I think that if I try to step away from what is going on and look in from the outside, it’s actually much worse than I would like to admit. He needs to be rocked or nursed to sleep every night, this takes 10 minutes on a good night or 2 hours on a bad night. I do it every single night and on the bad nights, it makes me want to jump out the window. After all that hard work, he generally wakes up 1 hour later where I have to do it all again. We finally got him out of the swaddle last week, so that’s one less thing. He’s now sleeping in a sleep sack and mittens so he won’t scratch his face off. Doesn’t sound too bad? It gets worse. He also sleeps in a rocker, it’s an inclined Fisher Price rocker for little babies. His feet hang over the edge, this is not made for a baby of his age so that’s a problem. He’s just the kind of baby who loves to sleep at a big incline like that rocker or his car seat or the swing at daycare. That is fine, but it’s not ideal since he really needs to be in his crib at night to be safe now that he’s very mobile and active. Also, he wakes up a lot. At one point in his life he only woke up once or occasionally slept through the night… those were the days. Now he wakes up a lot, 3 times at a minimum and 7 times on a bad night. Each time, I have to get up and rock him back to sleep which means another 10-45 minutes of lost sleep on my end. I don’t know if it’s sleep regression or if those good times were just a fluke. I can’t see straight anymore, that much I know.
Enter: Sleep Training.
I’m attempting to do this now, although I’m fully aware that some babies aren’t ready at 5 months. I really do think he is ready though. Last night was the first night, after many many attempts at rocking him to sleep and placing him down and just getting frustrated at our current system. Each time I placed him down (at least 4 times) he would start crying immediately. I really think that he just wanted me to hold him and didn’t want to be put down. I must be super comfortable. There was nothing wrong with him, and that’s sweet and all but I can’t hold him all night. Finally, I just couldn’t take it anymore, so I rocked him until he was looking really sleepy and put him in his crib (note: not the rocker) and shut the door. I decided that I am Ok with using a cry it out method and I chose Ferber. Some people think his method is extreme, but I have a super stubborn baby and I don’t think the crying hurts him. I saw all of this back when I was bottle training him, and after loud protests, he gave in and now will take the bottle anytime. This sleep training method has you check on your baby to reassure him that you haven’t abandoned him at intervals but shows him that crying doesn’t get him picked up.

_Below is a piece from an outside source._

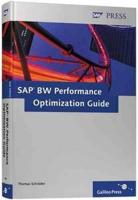 Sap Bw Performance Optimization Guide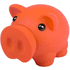 Säästöpossu Donax piggy bank, oranssi liikelahja logopainatuksella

Don’t mind the ridiculously blurry photo. The idea is that he had worked himself up into such a tizzy that he ended up doing a 90 degree turn and passing out like a drunk close to 10pm. So I guess he didn’t really soothe himself to sleep, he more just passed out.
As the night went on, he woke up a couple more times and each time I would feed him when needed and put him back down awake. He protested each time, but for less time each occurrence so it really was progressing even in one night.
This morning, I saw him wake up around 6:15 but he went back to sleep on his own. So then I woke him up to go to daycare at 6:45am, letting him sleep in about 45 minutes since he didn’t get to sleep until really late last night. He was basically in the same position as he was when I put him down previously. We have a side sleeper! I’m thankful for mesh crib bumpers.
I’ve already begun Night #2 and it’s going even better than I had imagined. It could be that he’s just super tired after getting a little less sleep last night, or maybe he’s figuring it out. By the 4th of July, I hope to have him sleep trained or Mostly sleep trained! In the parenting world, that would be considered a Major Life Changing milestone for the whole household. Even the dog will be giving high fives.